Gugatan UU Kementerian Negara Terkait Rangkap Jabatan, Respon Santai Cak Imin

Polemik mengenai rangkap jabatan menteri yang juga menjabat sebagai ketua umum partai politik kembali mencuat. Menanggapi gugatan terhadap Undang-Undang Nomor 61 Tahun 2024 tentang Kementerian Negara yang diajukan ke Mahkamah Konstitusi (MK), Ketua Umum Partai Kebangkitan Bangsa (PKB), Abdul Muhaimin Iskandar, memberikan tanggapan singkat. Ia mempersilakan pihak-pihak yang merasa keberatan dengan aturan tersebut untuk menempuh jalur hukum.

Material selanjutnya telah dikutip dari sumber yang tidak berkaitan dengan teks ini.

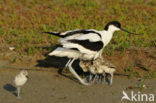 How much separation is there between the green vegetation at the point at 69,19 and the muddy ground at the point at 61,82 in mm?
347

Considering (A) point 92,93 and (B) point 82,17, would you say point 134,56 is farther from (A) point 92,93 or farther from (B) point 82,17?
(B) point 82,17

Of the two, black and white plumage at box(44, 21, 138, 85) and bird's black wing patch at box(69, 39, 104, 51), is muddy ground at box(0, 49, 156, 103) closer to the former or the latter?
→ black and white plumage at box(44, 21, 138, 85)

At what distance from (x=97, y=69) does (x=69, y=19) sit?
3.79 m

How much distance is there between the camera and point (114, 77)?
758 centimetres

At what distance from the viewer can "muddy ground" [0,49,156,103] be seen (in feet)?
21.1

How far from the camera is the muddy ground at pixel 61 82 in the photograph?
6.42m

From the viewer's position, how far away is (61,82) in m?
7.29

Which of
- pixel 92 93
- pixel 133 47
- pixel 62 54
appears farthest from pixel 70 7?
pixel 92 93

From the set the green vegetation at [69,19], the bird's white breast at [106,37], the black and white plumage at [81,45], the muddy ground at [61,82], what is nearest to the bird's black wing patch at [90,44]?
the black and white plumage at [81,45]

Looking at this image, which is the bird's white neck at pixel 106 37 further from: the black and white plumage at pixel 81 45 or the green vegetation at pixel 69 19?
the green vegetation at pixel 69 19

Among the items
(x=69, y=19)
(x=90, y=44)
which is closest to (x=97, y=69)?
(x=90, y=44)

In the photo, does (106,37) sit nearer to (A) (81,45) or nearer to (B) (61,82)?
(A) (81,45)

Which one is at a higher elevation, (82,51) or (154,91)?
Result: (82,51)

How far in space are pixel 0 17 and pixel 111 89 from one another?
17.2ft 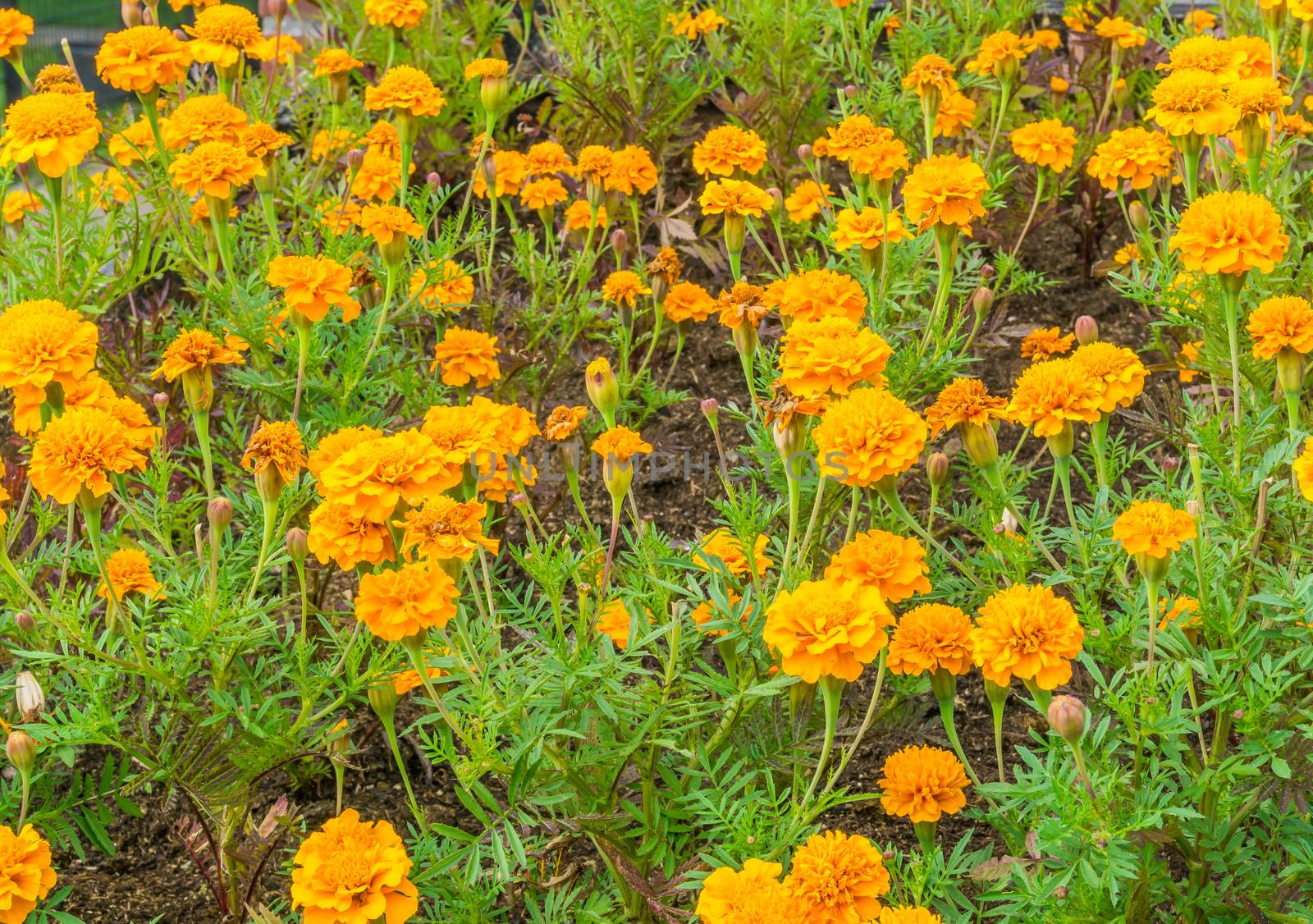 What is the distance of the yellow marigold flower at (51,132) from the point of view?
89.0 inches

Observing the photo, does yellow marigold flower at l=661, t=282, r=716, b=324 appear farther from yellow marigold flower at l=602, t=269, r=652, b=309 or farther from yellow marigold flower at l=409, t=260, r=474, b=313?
yellow marigold flower at l=409, t=260, r=474, b=313

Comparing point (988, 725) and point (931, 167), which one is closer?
point (931, 167)

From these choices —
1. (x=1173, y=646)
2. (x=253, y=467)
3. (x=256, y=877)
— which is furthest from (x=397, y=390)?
(x=1173, y=646)

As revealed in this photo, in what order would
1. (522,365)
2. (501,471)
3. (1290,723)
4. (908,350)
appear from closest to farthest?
(1290,723) → (501,471) → (908,350) → (522,365)

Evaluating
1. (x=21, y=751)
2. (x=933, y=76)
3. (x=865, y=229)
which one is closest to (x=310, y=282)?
(x=21, y=751)

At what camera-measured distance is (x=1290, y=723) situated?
1.68 meters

"Ya silakan saja, silakan saja," ujar Muhaimin usai menghadiri sebuah acara di Kompleks Parlemen, Jakarta, menunjukkan sikap tidak terlalu khawatir dengan gugatan yang dilayangkan. Gugatan ini menyoroti Pasal 23 huruf c UU Kementerian Negara yang dinilai memberikan celah bagi ketua umum partai politik untuk menduduki posisi menteri dalam kabinet.

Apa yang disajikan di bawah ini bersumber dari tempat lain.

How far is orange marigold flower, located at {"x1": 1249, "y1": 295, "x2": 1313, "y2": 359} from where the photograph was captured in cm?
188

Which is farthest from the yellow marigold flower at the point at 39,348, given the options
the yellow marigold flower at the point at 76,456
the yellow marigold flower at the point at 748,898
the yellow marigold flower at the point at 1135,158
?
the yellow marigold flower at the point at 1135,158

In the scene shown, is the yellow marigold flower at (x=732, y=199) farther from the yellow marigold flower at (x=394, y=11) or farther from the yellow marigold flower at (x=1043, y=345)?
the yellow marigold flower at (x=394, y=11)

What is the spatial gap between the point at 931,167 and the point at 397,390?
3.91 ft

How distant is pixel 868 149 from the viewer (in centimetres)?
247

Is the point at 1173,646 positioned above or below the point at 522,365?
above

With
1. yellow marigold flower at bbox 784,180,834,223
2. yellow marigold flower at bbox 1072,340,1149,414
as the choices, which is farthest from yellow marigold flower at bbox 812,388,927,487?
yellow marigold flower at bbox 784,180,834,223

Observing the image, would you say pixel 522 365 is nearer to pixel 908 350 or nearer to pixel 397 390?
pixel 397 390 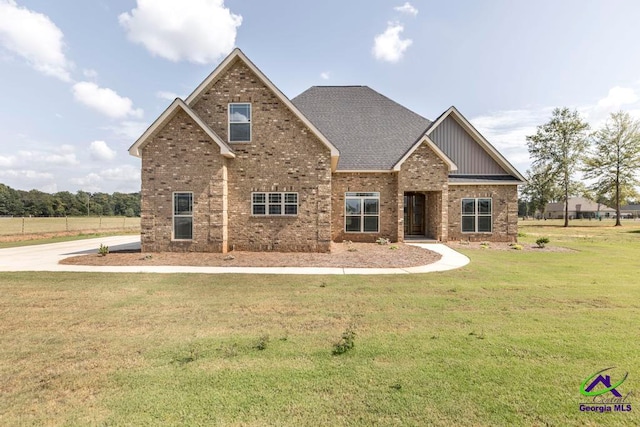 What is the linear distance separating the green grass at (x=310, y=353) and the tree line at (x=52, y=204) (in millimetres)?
87441

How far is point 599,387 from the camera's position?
3.52 m

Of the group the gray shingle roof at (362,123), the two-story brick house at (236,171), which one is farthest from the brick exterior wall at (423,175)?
the two-story brick house at (236,171)

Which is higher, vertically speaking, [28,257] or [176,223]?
[176,223]

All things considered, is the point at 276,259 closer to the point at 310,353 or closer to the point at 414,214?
the point at 310,353

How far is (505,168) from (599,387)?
58.3ft

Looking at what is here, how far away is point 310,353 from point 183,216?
35.6 ft

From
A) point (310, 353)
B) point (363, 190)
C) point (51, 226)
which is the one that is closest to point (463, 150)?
point (363, 190)

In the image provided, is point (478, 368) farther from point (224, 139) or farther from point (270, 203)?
point (224, 139)

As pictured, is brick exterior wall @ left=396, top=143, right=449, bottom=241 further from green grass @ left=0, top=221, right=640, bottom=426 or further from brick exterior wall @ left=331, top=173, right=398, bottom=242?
green grass @ left=0, top=221, right=640, bottom=426

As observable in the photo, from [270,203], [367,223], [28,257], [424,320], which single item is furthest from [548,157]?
[28,257]

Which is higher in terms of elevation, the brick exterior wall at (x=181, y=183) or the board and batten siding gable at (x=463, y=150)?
the board and batten siding gable at (x=463, y=150)

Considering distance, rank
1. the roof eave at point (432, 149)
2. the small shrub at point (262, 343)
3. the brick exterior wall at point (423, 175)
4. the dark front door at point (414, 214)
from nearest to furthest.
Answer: the small shrub at point (262, 343) → the roof eave at point (432, 149) → the brick exterior wall at point (423, 175) → the dark front door at point (414, 214)

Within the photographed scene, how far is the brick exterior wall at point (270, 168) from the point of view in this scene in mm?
13586

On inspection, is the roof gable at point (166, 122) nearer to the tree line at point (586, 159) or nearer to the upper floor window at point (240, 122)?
the upper floor window at point (240, 122) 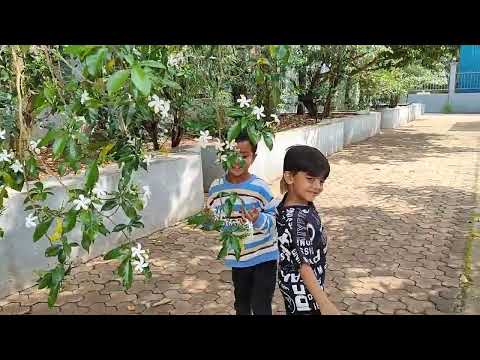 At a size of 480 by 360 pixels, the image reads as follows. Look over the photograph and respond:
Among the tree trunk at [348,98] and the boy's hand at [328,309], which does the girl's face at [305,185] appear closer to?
the boy's hand at [328,309]

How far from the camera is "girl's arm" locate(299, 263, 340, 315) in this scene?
1.58 m

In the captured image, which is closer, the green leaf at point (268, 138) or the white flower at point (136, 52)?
the white flower at point (136, 52)

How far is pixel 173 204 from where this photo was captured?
499 cm

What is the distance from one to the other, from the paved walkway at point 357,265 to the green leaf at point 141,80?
236cm

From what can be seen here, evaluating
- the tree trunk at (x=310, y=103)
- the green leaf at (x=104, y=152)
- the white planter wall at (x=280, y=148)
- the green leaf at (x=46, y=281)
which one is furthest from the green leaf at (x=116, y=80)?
the tree trunk at (x=310, y=103)

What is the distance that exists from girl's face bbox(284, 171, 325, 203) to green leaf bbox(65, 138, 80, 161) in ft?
2.60

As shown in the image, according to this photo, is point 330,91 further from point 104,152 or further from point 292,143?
point 104,152

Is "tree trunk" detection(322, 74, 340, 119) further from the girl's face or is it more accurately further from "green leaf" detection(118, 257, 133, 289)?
"green leaf" detection(118, 257, 133, 289)

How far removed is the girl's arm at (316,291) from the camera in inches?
62.4

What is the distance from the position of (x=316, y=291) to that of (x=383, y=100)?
1887 cm

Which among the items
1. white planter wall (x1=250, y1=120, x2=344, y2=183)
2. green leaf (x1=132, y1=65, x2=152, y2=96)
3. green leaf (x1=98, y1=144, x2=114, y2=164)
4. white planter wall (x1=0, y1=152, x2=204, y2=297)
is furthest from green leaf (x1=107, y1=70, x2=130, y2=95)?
white planter wall (x1=250, y1=120, x2=344, y2=183)

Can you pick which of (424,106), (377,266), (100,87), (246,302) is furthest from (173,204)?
(424,106)

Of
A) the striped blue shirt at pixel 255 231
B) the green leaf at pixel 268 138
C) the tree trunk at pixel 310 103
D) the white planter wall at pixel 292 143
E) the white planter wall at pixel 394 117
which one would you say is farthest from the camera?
the white planter wall at pixel 394 117

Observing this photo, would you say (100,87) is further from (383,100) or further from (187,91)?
(383,100) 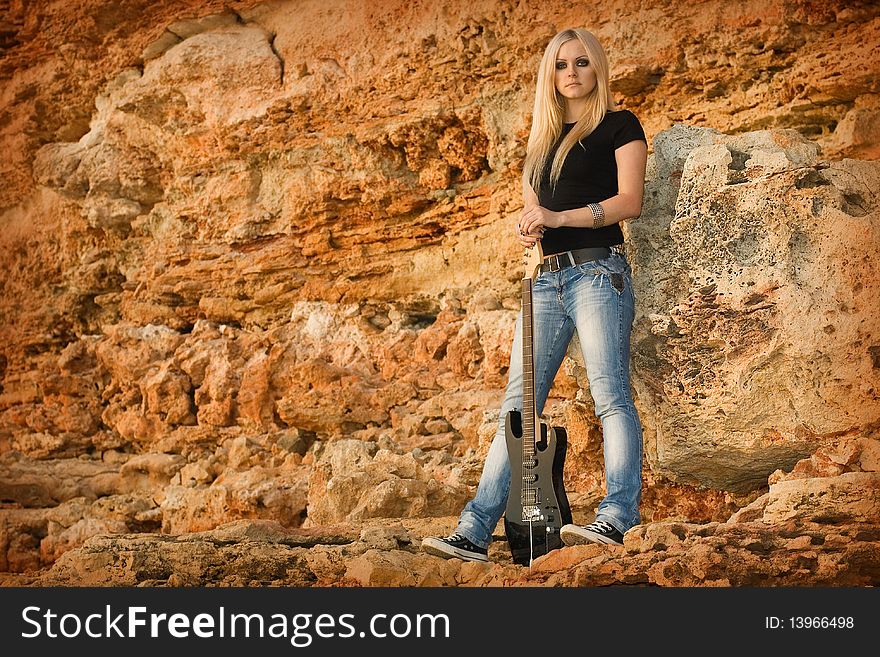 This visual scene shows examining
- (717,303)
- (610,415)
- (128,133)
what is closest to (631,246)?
(717,303)

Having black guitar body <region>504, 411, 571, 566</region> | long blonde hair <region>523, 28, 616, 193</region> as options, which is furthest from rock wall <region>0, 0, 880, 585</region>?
long blonde hair <region>523, 28, 616, 193</region>

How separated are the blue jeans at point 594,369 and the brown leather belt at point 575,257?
2cm

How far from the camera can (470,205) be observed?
7152mm

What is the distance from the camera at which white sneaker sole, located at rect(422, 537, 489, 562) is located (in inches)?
168

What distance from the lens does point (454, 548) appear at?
4273mm

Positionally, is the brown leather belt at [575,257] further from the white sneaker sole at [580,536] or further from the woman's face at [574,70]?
the white sneaker sole at [580,536]

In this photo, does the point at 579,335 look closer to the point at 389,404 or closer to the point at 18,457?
the point at 389,404

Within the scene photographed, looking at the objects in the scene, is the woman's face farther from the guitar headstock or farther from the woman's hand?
the guitar headstock

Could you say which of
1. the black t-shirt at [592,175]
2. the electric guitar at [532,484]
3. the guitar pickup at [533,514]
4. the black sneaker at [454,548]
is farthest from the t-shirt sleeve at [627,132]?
the black sneaker at [454,548]

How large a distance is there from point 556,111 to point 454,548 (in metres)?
1.70

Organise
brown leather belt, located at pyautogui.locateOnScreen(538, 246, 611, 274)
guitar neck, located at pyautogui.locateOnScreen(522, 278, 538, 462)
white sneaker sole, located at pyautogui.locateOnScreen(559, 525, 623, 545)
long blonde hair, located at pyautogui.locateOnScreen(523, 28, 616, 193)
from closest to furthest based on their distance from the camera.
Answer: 1. white sneaker sole, located at pyautogui.locateOnScreen(559, 525, 623, 545)
2. guitar neck, located at pyautogui.locateOnScreen(522, 278, 538, 462)
3. brown leather belt, located at pyautogui.locateOnScreen(538, 246, 611, 274)
4. long blonde hair, located at pyautogui.locateOnScreen(523, 28, 616, 193)

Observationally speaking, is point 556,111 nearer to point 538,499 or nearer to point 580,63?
point 580,63

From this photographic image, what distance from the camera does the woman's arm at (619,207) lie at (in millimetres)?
4332

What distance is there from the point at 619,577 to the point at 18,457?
5.65 m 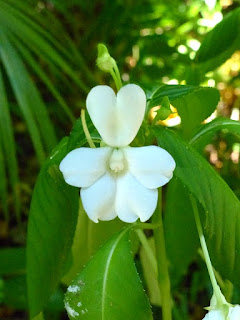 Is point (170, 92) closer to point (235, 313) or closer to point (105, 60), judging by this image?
point (105, 60)

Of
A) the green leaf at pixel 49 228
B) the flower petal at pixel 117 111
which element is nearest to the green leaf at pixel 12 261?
the green leaf at pixel 49 228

Saat ini, terdapat beberapa nama ketua umum partai politik yang juga menjabat sebagai menteri dalam pemerintahan. Selain Abdul Muhaimin Iskandar yang menjabat sebagai Menteri Koordinator Bidang Pemberdayaan Masayarakat, ada pula Agus Harimurti Yudhoyono (AHY), Ketua Umum Partai Demokrat yang mengemban amanah sebagai Menteri Koordinator Infrastruktur dan Pembangunan. Zulkifli Hasan, Ketua Umum Partai Amanat Nasional (PAN), juga menduduki kursi Menteri Koordinator Bidang Pangan. Keberadaan mereka dalam kabinet inilah yang menjadi sorotan utama dalam gugatan tersebut.

Gugatan ini sendiri diajukan oleh empat mahasiswa Fakultas Hukum Universitas Indonesia (UI). Mereka mempermasalahkan potensi konflik kepentingan dan berkurangnya efektivitas pengawasan (check and balances) antara lembaga eksekutif dan legislatif akibat rangkap jabatan tersebut. Para mahasiswa berpendapat bahwa rangkap jabatan dapat memicu praktik pragmatisme partai politik yang kurang sehat.

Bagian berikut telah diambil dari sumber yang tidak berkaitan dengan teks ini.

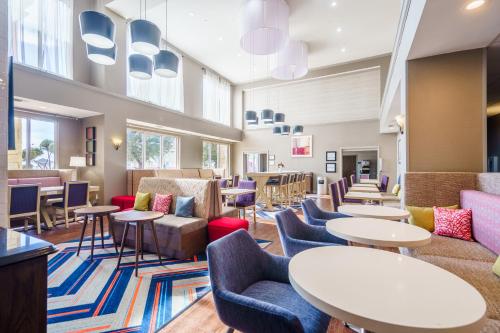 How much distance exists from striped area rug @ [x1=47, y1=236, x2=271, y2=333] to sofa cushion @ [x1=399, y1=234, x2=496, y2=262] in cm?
217

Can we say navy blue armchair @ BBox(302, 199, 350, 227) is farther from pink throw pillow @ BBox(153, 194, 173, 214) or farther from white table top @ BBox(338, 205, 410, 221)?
pink throw pillow @ BBox(153, 194, 173, 214)

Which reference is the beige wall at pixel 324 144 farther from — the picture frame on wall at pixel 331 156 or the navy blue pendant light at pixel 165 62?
the navy blue pendant light at pixel 165 62

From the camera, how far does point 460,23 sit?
103 inches

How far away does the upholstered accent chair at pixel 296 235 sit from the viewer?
6.28ft

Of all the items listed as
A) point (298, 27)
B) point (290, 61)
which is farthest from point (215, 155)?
point (298, 27)

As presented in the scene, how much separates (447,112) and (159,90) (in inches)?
298

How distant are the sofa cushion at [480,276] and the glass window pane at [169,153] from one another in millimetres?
8335

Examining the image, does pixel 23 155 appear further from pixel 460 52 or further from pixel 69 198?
pixel 460 52

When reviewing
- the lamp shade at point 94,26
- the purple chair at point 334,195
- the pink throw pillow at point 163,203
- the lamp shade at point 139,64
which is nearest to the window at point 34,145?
the lamp shade at point 139,64

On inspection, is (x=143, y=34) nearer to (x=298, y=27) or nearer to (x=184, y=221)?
(x=184, y=221)

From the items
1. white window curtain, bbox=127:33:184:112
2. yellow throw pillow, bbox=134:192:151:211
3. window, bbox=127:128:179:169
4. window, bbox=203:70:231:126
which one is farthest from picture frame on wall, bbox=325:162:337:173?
yellow throw pillow, bbox=134:192:151:211

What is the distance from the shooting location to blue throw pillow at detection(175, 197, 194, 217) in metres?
3.58

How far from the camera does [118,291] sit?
2393mm

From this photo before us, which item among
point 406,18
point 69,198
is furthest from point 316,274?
point 69,198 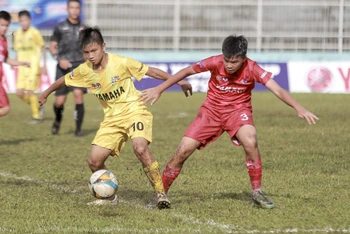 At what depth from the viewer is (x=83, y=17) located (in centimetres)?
2739

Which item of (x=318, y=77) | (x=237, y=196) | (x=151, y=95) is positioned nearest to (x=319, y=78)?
(x=318, y=77)

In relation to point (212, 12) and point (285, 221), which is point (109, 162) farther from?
point (212, 12)

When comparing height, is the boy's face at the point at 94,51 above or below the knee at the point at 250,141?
above

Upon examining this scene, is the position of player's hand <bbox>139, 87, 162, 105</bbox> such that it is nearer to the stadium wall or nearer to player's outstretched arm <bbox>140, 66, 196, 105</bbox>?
player's outstretched arm <bbox>140, 66, 196, 105</bbox>

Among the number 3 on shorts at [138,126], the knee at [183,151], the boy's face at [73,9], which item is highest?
the boy's face at [73,9]

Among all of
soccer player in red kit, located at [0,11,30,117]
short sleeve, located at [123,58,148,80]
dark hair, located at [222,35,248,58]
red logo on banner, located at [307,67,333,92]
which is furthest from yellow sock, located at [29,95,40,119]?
red logo on banner, located at [307,67,333,92]

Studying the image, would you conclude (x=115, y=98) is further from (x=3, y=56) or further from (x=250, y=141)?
(x=3, y=56)

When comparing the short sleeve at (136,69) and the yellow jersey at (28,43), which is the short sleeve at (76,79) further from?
the yellow jersey at (28,43)

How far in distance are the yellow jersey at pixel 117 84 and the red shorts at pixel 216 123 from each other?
58 cm

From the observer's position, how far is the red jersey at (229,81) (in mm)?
7422

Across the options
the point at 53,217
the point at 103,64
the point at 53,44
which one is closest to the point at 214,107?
the point at 103,64

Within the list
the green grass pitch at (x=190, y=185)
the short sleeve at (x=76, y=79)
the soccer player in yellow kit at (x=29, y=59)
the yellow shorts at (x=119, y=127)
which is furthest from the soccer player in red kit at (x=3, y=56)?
the yellow shorts at (x=119, y=127)

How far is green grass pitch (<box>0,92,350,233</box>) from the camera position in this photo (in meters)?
6.60

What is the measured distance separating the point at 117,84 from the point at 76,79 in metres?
0.47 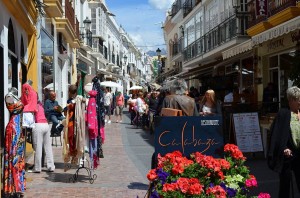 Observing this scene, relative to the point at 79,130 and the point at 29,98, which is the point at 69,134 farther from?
the point at 29,98

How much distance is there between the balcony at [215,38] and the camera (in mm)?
22000

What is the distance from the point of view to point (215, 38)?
84.3 feet

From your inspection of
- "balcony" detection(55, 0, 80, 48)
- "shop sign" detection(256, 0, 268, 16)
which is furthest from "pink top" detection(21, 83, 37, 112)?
"balcony" detection(55, 0, 80, 48)

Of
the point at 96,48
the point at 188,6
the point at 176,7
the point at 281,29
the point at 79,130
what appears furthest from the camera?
the point at 176,7

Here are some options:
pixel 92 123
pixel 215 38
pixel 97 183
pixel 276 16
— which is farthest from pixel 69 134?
pixel 215 38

Dalam permohonannya ke MK, para mahasiswa meminta agar Pasal 23 huruf c Undang-Undang Nomor 39 Tahun 2008 tentang Kementerian Negara dinyatakan bertentangan dengan Undang-Undang Dasar Negara Republik Indonesia Tahun 1945. Mereka juga meminta agar pasal tersebut ditafsirkan secara bersyarat, yaitu mencakup pula pengurus atau fungsionaris partai politik, sehingga tidak hanya ketua umum saja yang dilarang rangkap jabatan.

Berikut adalah poin-poin yang dipermasalahkan dalam gugatan ini:

  • Potensi Konflik Kepentingan: Dikhawatirkan menteri yang juga merupakan ketua umum partai politik akan lebih memprioritaskan kepentingan partainya daripada kepentingan negara.
  • Berkurangnya Check and Balances: Rangkap jabatan dapat mengaburkan fungsi pengawasan parlemen terhadap eksekutif, karena ketua umum partai politik memiliki pengaruh kuat di kedua lembaga tersebut.
  • Pragmatisme Partai Politik: Rangkap jabatan dapat memicu praktik transaksional antara partai politik dan pemerintah, yang pada akhirnya merugikan masyarakat.

Menarik untuk disimak bagaimana MK akan menanggapi gugatan ini. Putusan MK akan memiliki implikasi yang signifikan terhadap sistem ketatanegaraan Indonesia, terutama terkait dengan hubungan antara partai politik dan pemerintah.